Nirmala Sitharaman had set a disinvestment target of Rs 1.05 lakh crore in July for fiscal year 2019-20, raising it from an earlier target of Rs 90,000 crore that interim finance minister Piyush Goyal had set in the interim Budget on February 1.
A logo of Indian Oil is picture outside a fuel station. (File Photo: Reuters/Adnan Abid)
The central government has prepared a plan to bring down its stake in some large central public sector enterprises (CPSEs) to below 51% in FY20 in order to raise funds to make up for tepid revenue growth.
On the disinvestment radar this fiscal are public sector units (PSUs) like Indian Oil Corp. Ltd (IOC), NTPC Ltd, Bharat Petroleum Corp. Ltd (BPCL), GAIL Ltd, Engineers India, Container Corporation and Nalco, said The Indian Express reported.

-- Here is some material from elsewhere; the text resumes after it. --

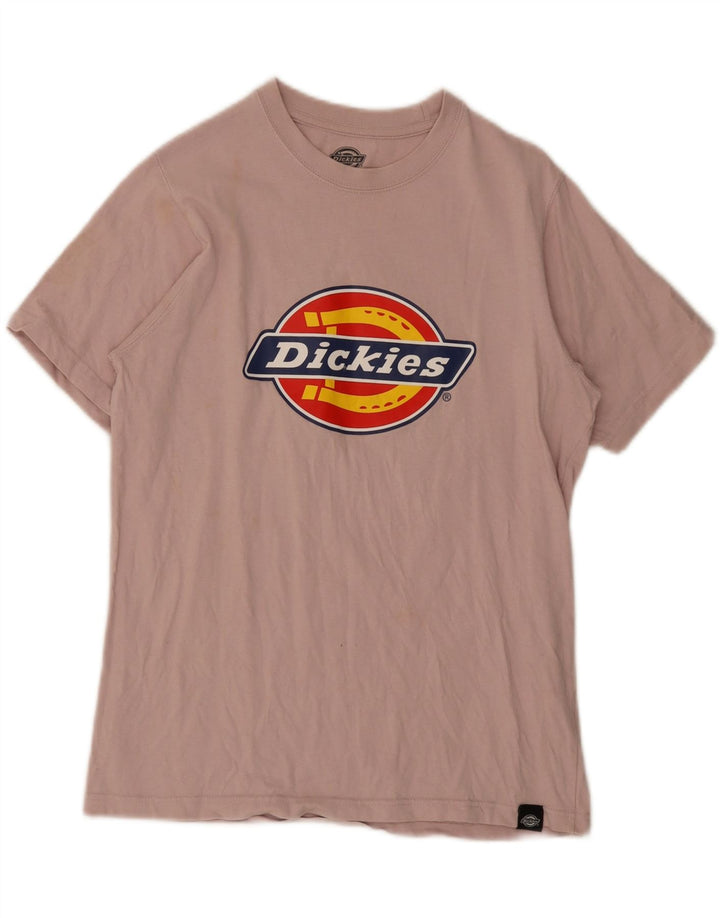 Dickies T-Shirt Graphique Homme Petit Rose Coton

The report also added that the stake sale could happen either through the OFS (offer for sale) or ETF (exchange-traded fund) route, with a possibility of strategic stake sale of at least one of the PSUs.
The Centre currently holds below 55% stake in these PSUs, but it can still manage to retain a majority stake in these firms after disinvestment, as significant stakes in these companies are held by government-controlled institutions such as Life Insurance Corporation of India (LIC) or other large public sector firms (through CPSE cross-holdings).
Finance minister Nirmala Sitharaman had set disinvestment target of Rs 1.05 lakh crore in July for fiscal year 2019-20, raising it from an earlier target of Rs 90,000 crore that interim finance minister Piyush Goyal had set in the interim Budget on February 1. However, so far, the central government has managed to raise only 12% of the annual disinvestment target, the report noted.
Notably, the government had collected a record Rs 1 lakh crore in FY18 and Rs 85,000 crore in FY19 from disinvestment of its stake in various PSUs.